= Assigned task =
Looking at the data below, count the lines that contain the string "Baby". Write only the total.

= Records to process =
■ ■ ■ ■

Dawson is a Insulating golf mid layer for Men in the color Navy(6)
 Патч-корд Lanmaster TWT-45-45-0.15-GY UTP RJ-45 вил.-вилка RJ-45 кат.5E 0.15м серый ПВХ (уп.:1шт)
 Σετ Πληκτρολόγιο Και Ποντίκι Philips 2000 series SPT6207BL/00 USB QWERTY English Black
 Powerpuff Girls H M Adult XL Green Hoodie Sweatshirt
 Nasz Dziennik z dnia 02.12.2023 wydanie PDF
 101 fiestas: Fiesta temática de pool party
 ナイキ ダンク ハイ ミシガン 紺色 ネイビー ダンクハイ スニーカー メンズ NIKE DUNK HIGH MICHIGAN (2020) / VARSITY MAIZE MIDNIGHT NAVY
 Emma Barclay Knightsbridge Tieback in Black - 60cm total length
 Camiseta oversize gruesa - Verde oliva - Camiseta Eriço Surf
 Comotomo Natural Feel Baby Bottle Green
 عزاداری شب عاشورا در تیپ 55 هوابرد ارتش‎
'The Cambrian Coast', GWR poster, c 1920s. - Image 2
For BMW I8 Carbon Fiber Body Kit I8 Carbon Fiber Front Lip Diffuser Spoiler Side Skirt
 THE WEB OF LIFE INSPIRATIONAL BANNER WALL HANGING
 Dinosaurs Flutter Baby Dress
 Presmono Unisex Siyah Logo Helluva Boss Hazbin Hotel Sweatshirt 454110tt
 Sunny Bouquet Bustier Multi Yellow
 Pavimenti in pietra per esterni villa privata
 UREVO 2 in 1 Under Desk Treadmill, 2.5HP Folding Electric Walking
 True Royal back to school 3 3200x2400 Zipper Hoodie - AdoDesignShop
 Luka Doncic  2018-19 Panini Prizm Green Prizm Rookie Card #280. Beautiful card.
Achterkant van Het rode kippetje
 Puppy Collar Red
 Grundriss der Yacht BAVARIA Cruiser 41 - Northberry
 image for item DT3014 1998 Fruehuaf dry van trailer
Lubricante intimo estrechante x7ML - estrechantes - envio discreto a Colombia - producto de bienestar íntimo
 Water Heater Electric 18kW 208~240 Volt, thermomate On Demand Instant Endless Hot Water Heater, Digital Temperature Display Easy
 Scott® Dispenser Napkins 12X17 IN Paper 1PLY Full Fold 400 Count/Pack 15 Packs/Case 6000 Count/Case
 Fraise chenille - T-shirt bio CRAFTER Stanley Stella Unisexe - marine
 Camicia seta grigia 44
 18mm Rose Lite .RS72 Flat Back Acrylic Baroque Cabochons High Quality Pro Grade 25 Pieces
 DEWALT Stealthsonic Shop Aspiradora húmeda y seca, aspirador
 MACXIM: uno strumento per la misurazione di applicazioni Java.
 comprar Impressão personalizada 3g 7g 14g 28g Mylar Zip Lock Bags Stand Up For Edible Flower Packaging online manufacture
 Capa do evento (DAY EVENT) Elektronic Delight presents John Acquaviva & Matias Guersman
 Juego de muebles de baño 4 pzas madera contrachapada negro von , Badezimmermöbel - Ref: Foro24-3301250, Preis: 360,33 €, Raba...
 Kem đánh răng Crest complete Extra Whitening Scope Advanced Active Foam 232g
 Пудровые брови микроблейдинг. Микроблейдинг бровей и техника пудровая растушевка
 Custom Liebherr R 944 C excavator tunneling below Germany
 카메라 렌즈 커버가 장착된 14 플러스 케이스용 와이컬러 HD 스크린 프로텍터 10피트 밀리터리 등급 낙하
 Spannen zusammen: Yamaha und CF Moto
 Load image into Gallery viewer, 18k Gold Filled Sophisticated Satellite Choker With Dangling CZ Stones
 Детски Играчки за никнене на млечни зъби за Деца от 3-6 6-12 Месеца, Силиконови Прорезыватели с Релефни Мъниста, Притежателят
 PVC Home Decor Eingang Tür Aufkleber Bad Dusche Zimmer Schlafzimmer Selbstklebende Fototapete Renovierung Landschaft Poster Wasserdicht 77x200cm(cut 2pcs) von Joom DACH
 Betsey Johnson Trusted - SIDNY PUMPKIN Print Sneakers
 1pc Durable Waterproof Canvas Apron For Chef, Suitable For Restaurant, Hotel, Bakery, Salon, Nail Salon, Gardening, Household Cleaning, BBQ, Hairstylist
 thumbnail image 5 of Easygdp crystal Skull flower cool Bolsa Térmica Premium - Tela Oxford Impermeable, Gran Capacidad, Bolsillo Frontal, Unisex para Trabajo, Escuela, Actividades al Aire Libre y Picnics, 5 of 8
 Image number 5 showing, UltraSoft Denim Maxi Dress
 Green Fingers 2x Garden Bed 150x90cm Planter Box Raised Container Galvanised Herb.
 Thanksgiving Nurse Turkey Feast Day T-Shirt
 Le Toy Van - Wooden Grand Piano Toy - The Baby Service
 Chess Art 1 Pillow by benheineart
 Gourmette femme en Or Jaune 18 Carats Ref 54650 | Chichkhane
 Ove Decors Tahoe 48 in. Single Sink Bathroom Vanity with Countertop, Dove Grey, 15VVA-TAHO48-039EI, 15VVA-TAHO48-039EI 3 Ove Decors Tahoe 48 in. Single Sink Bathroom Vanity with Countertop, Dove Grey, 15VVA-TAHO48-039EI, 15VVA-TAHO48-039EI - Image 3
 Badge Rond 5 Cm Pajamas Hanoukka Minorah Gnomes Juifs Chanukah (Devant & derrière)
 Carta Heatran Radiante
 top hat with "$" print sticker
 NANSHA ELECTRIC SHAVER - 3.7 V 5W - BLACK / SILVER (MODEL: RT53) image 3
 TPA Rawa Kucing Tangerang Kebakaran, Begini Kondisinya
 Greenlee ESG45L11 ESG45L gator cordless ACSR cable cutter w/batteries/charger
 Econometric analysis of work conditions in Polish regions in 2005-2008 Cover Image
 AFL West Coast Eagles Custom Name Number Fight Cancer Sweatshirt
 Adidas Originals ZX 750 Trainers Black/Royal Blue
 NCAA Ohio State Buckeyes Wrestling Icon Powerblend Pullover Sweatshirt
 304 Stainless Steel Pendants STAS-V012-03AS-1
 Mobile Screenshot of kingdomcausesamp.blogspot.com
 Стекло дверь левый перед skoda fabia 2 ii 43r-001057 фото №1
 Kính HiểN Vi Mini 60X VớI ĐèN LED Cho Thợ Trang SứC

■ ■ ■ ■

= Solution for this task =
3